As my wife spreads all the newspapers, piled up over months, before him, he bundles them into separate packs and then lifts each pack with a hook attached to a small weighing machine.

As my wife spreads all the newspapers, piled up over months, before him, he bundles them into separate packs and then lifts each pack with a hook attached to a small weighing machine. He then offers my wife some money at the rate he fixes for the raddi, puts all the packs in a gunny bag and quietly leaves.
It has been around six years since the raddiwala first came to my house, but I did not have much interaction with him. It was up to my wife to deal with the man of short height—clearly a result of malnutrition in childhood—dressed in an oversized shirt and a lungi folded up at the knees.

On his recent visit, my wife was not home and I had to attend to him. I dumped all old newspapers before him. As he got busy, I tried to strike up a conversation. He mumbled a name I couldn’t get, but it was a Muslim name. The 32-year-old hails from a village in West Bengal, “15 minutes” away from Kharagpur by local train, and has been working as a collector of old newspapers in Bhubaneswar for over a decade.

He had to leave his village because the little patch of land his family owned was not productive and there was no job. He left behind his wife and two children in the village because his wage of around `200 per day was not enough to bring them to Bhubaneswar. The owner of the godown, where he deposits the old newspapers, has kindly allowed him to stay in the premises.

“I visit my family every two months,” he said. “I will go back for good to start a small business after saving enough.” As he kept talking while tying the papers, I clicked his picture on my mobile phone. Suddenly, his body language changed. “No photograph, please?” he said, politely but firmly. In the next instant, however, he profusely apologised to me. Perhaps my bewildered look made him think he had offended me and owed me an explanation.

Once, he said, someone took his picture which then appeared later in a small newspaper along with a write-up. Few days later, a group of youth accosted him, accusing him of being a Bangladeshi and snatched a week’s income away from his pocket. They kept extorting him for another week till ‘babu’ (godown owner) came to his rescue and informed the cops.
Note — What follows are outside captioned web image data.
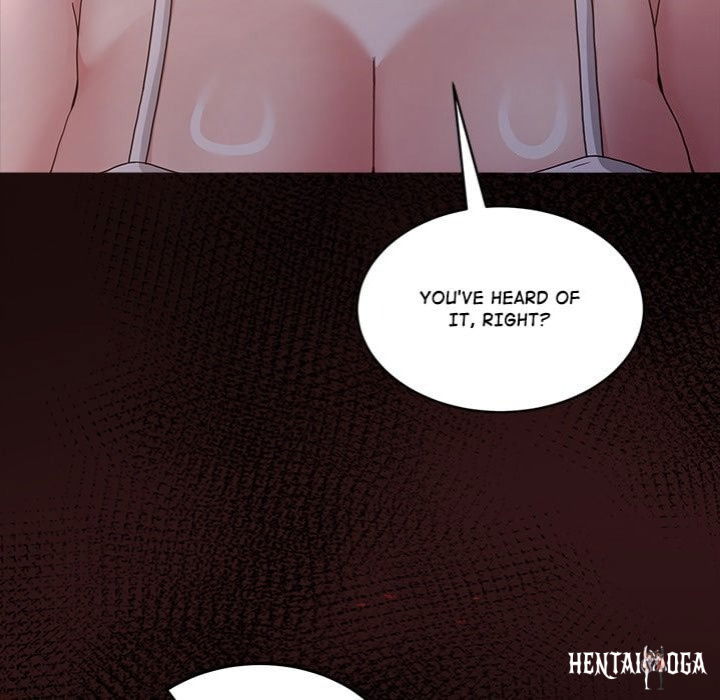 No Men Allowed No Men Allowed Chapter 41 - Page 141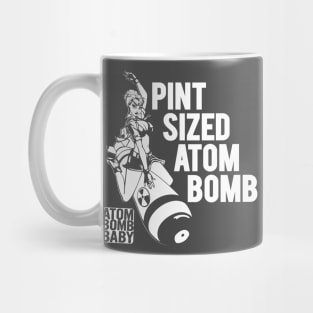 atom bomb baby Mug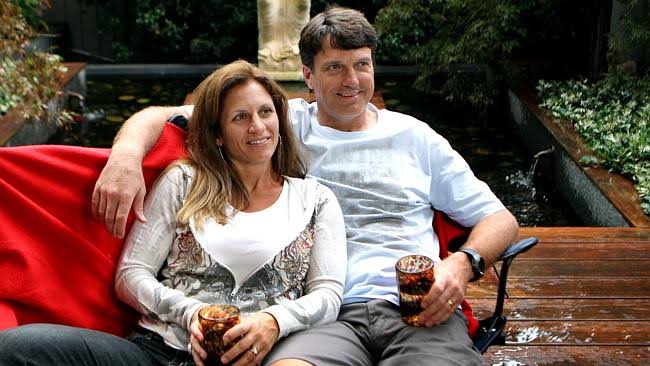 Roos' wife helps Demons relax | news.com.au — Australia's leading news site  for latest headlines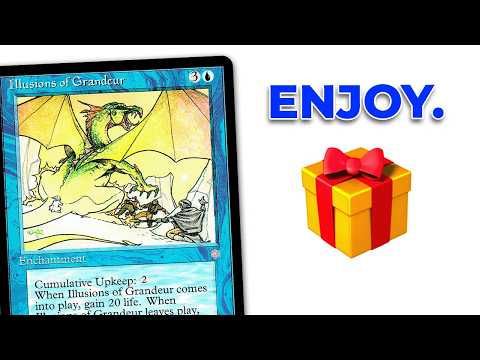 I Gain 20. You Die. | Trix Combo (Premodern)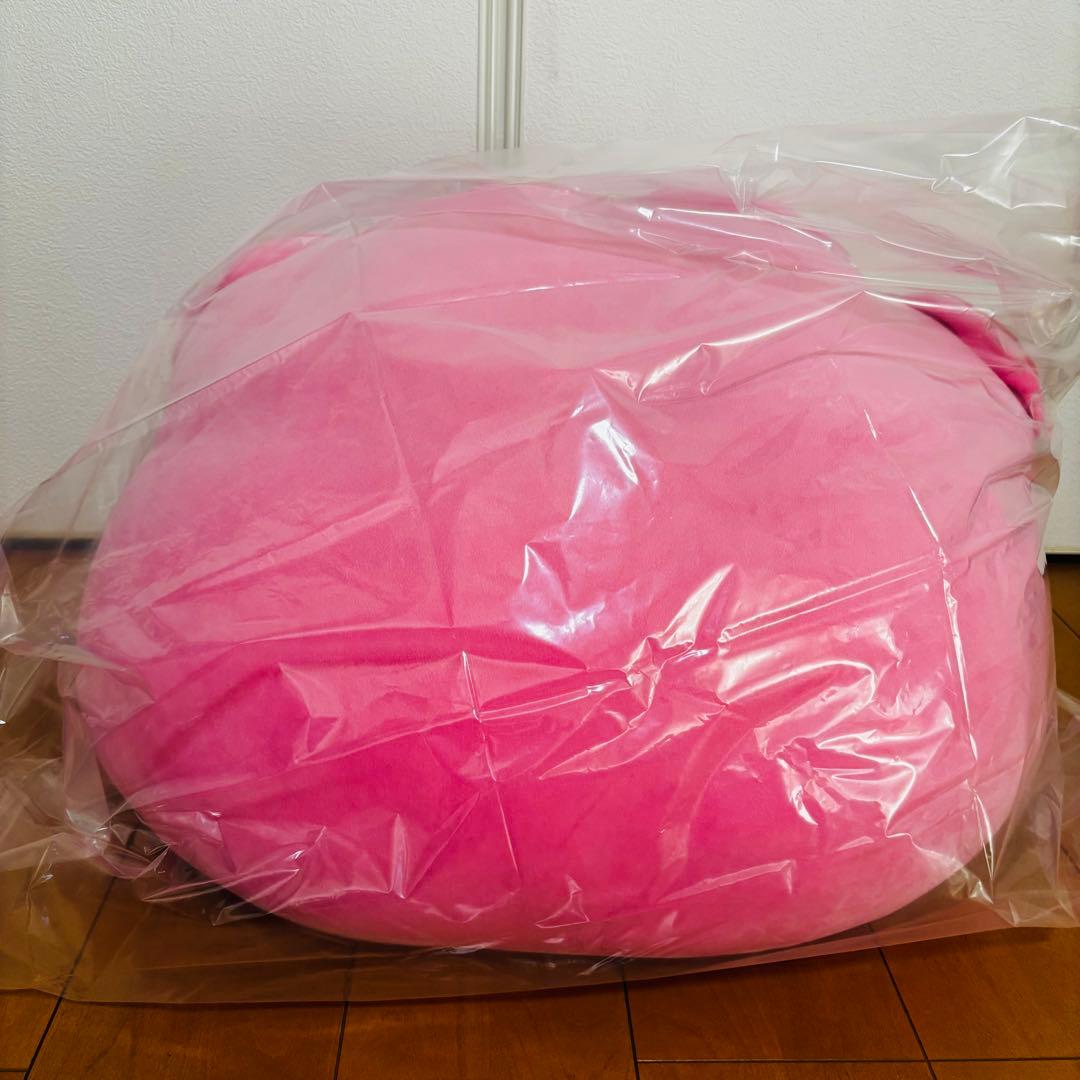 超ビッグサイズもっちりぬいぐるみメタモン 【送料込み/匿名配送】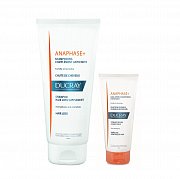 Ducray Anaphase+ Шампунь стимулирующий 200 мл + подарок Anaphase+ Кондиционер 50 мл Ducray Anaphase+ Шампунь стимулирующий 200 мл + подарок Anaphase+ Кондиционер 50 мл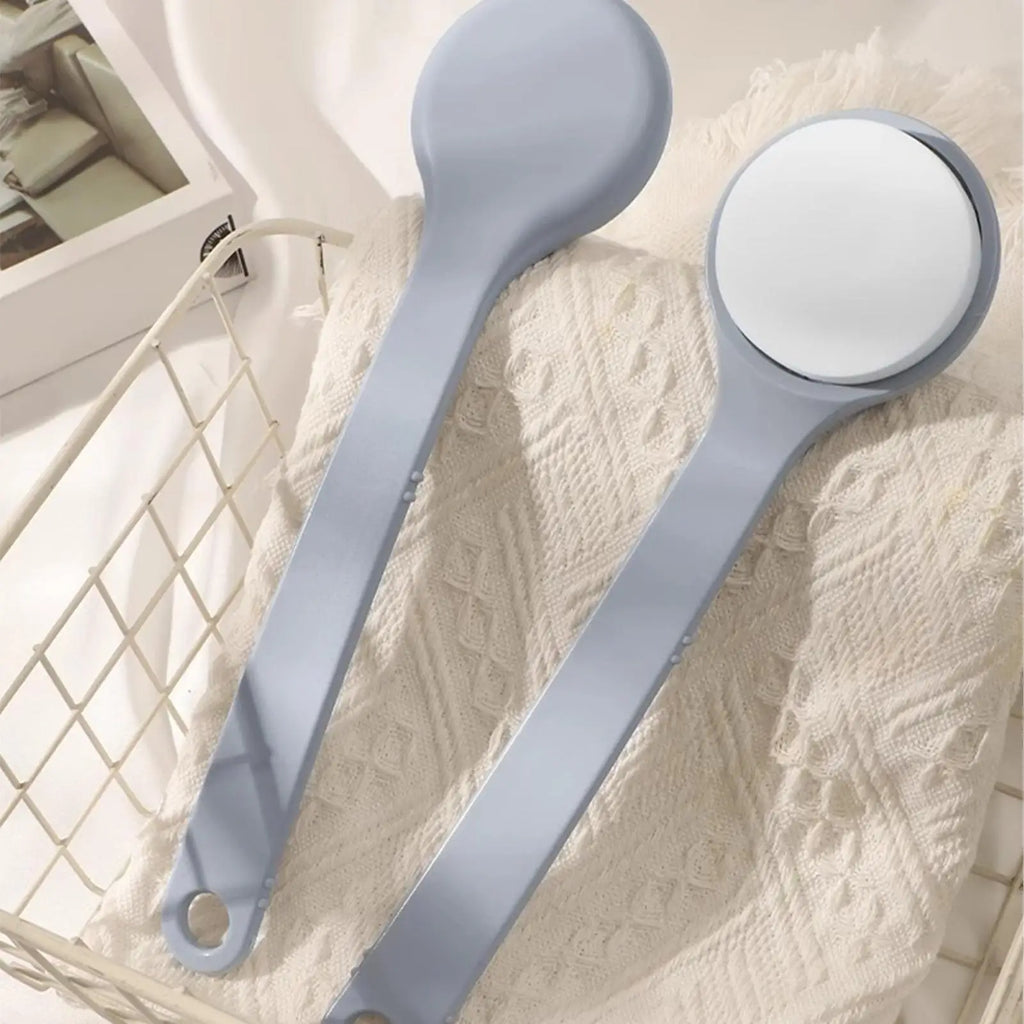 Lotion Sunscreen Ointment Applicator Long Handle Body Cleaner Shower Brush Multi-Function Sunscreen Back Lotion Applicator
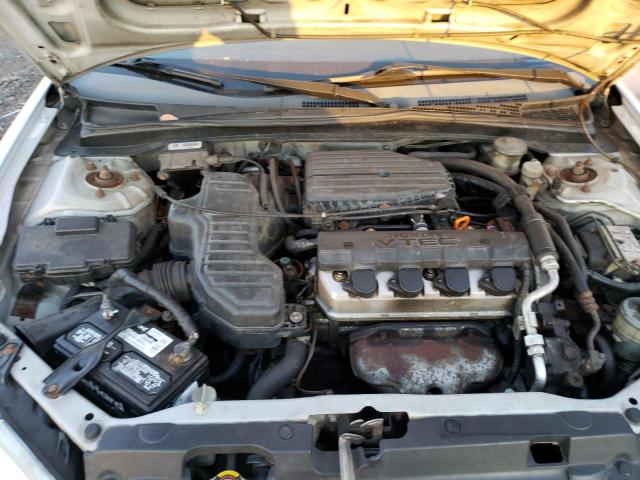 Photo 11 from auction – 2005 HONDA CIVIC EX with VIN 1HGEM21035L039953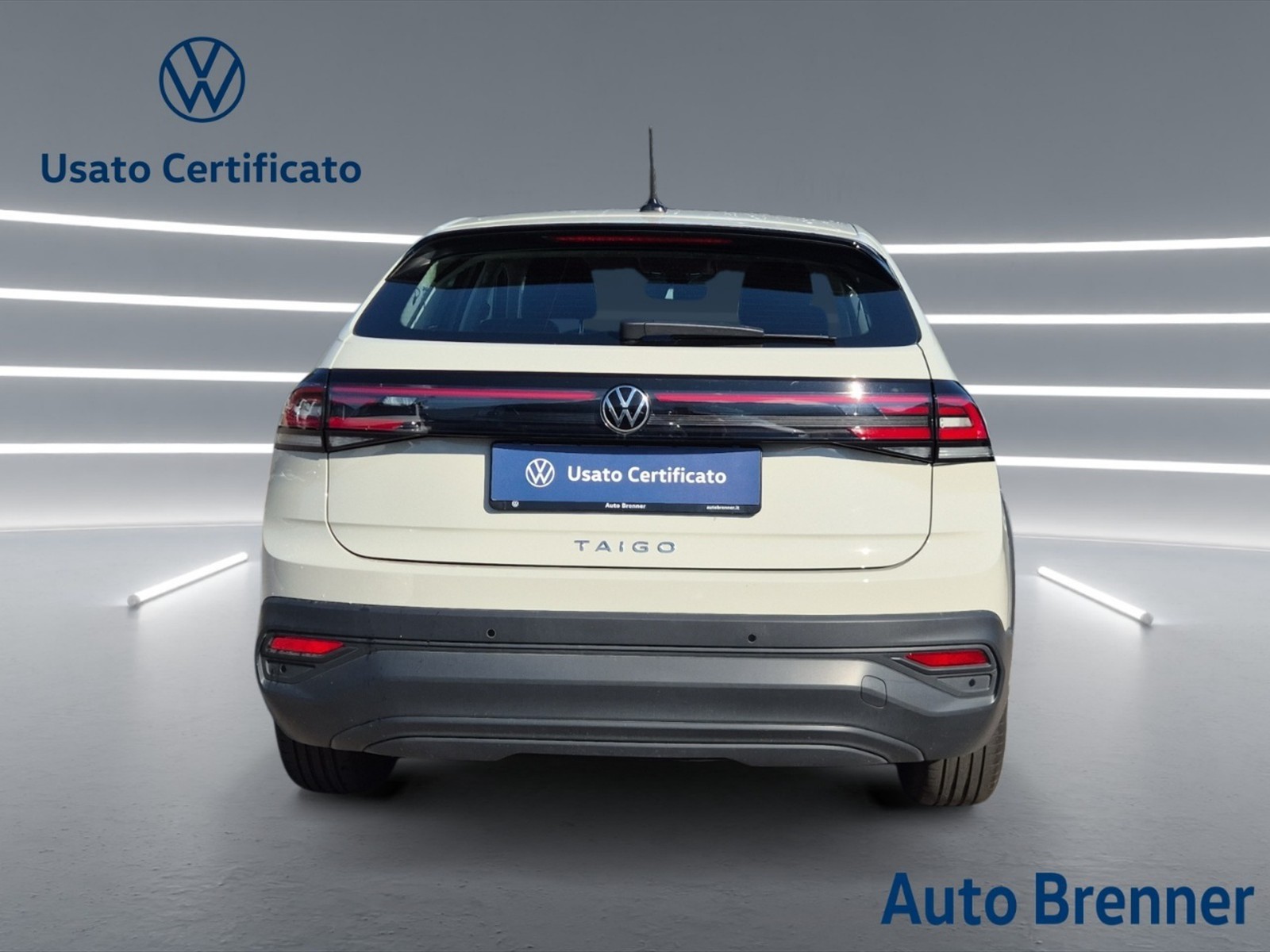 Volkswagen Taigo 1.0 tsi life 95cv - 5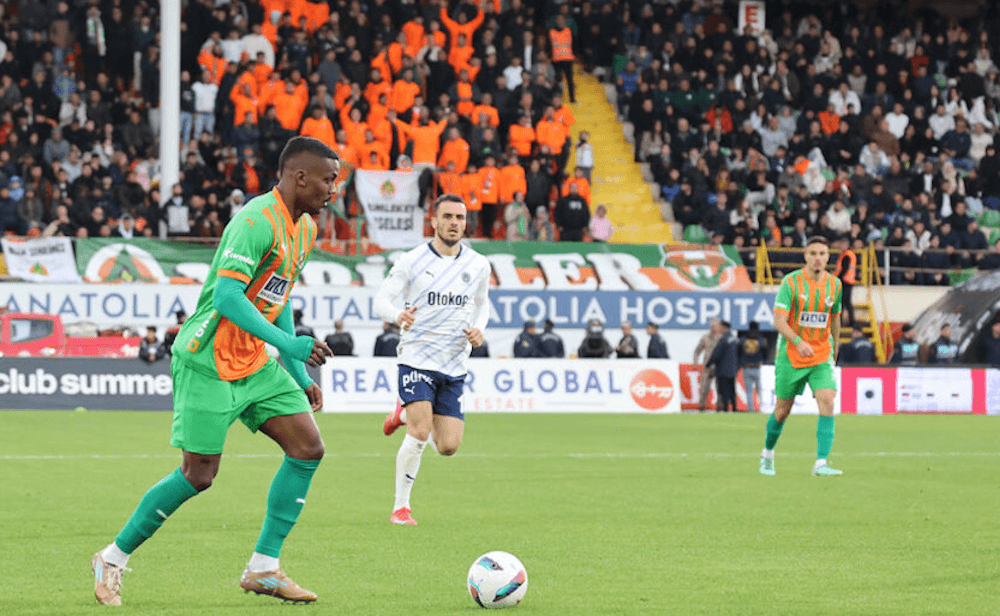 Alanyaspor. Source: Official Website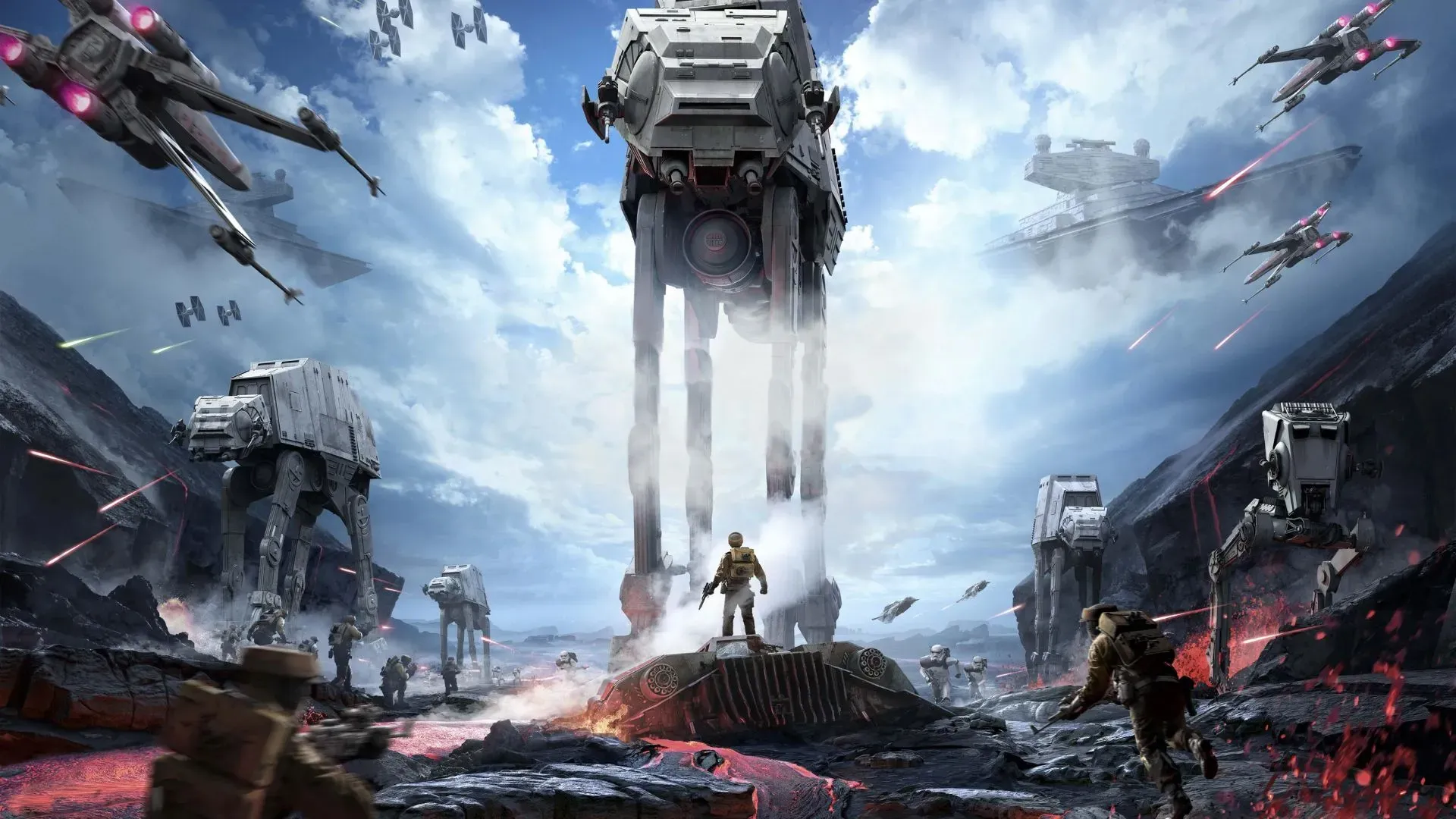 O preço da BioWare foi Star Wars!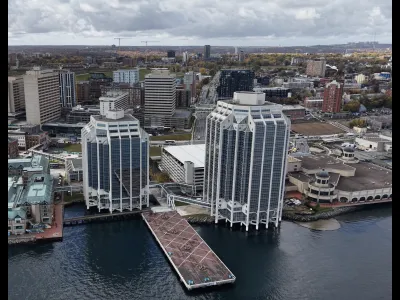 Purdys Wharf - Suite 2200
“Sir, I am as Indian as anyone else,” he said emphatically, voice choked with emotion. “But poor people like us are easy targets. We have to be extra careful these days. If something happens to me here, my family will starve.” As I scrambled for words to comfort him, he silently collected all his raddi, put some money on my hand and left. I deleted his picture from the mobile the moment he left. Some Indians are better off being invisible.